Problem statement >> Look in the listing below for the line that has "Ausgewählt, tea leaf ga", then return it and each following line up to and including the one with "Delilah Devlin - Darkness Burning, Häftad", exactly and without pictures.

Source records >>
--------------------------------

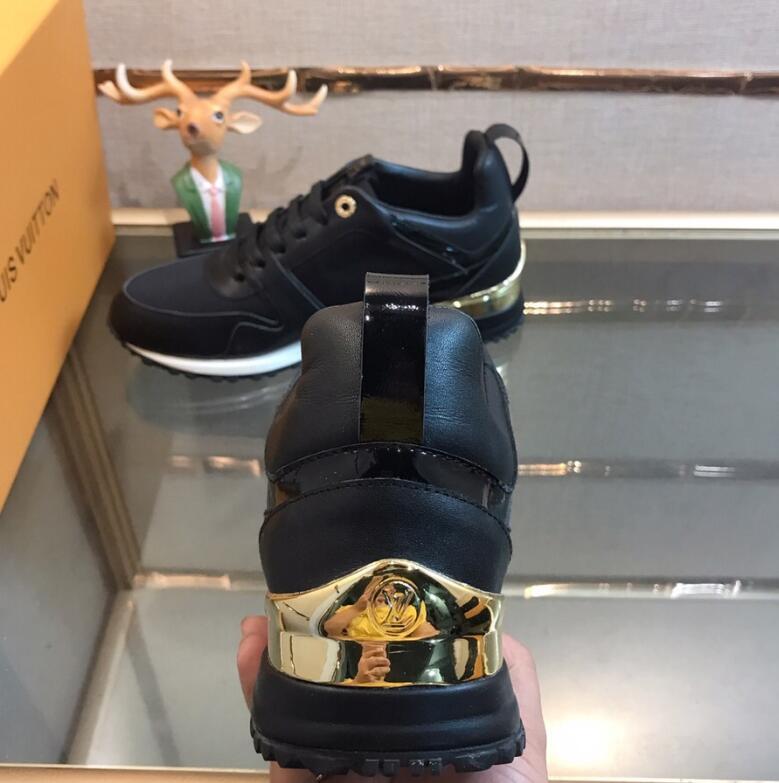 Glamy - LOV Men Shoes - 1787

--------------------------------

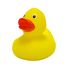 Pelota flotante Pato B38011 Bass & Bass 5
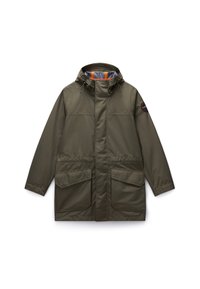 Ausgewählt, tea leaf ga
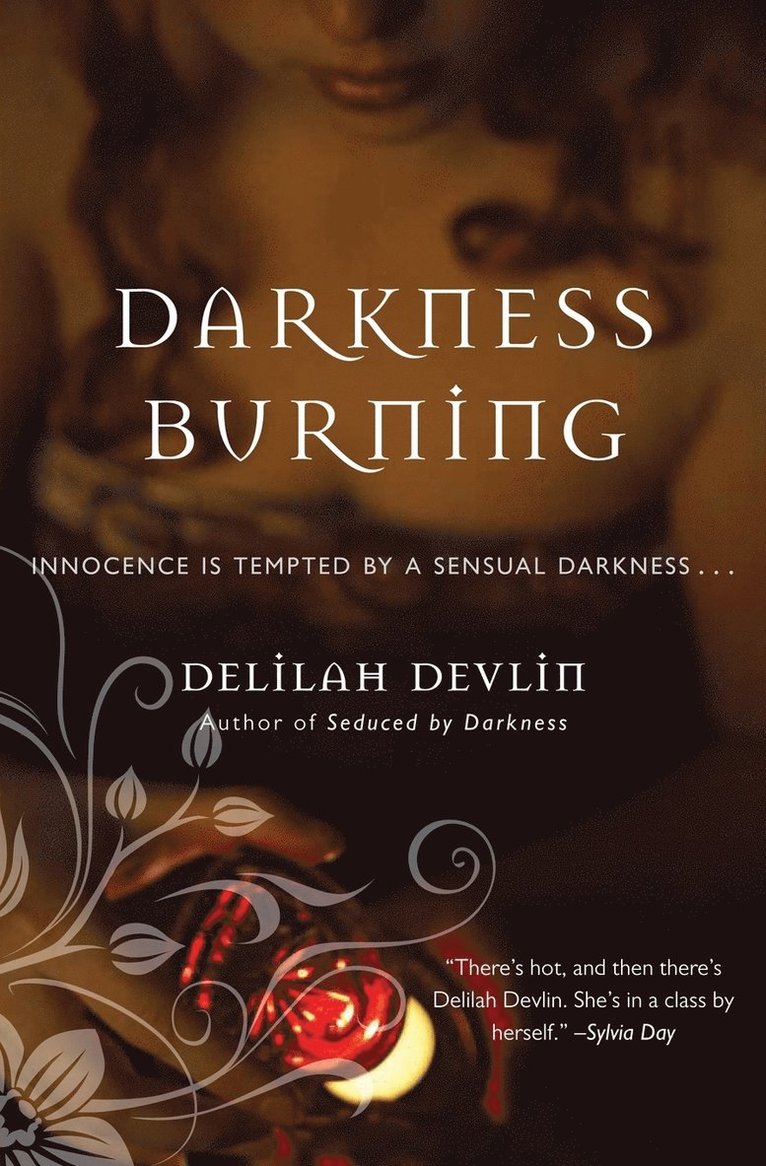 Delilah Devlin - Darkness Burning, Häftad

--------------------------------

Result for this exercise >>
 Ausgewählt, tea leaf ga
 Delilah Devlin - Darkness Burning, Häftad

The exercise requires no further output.